═════ Input data ═════

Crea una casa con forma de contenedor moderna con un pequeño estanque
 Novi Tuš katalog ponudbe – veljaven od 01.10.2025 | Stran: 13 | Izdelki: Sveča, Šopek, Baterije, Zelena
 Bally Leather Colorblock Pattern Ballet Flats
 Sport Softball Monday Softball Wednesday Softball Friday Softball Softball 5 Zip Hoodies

═════

_Work order_
The output should be exactly the lines from the one containing "Bally Leather Colorblock" to the final line of the listing above, inclusive.

_Solution to this exercise_
 Bally Leather Colorblock Pattern Ballet Flats
 Sport Softball Monday Softball Wednesday Softball Friday Softball Softball 5 Zip Hoodies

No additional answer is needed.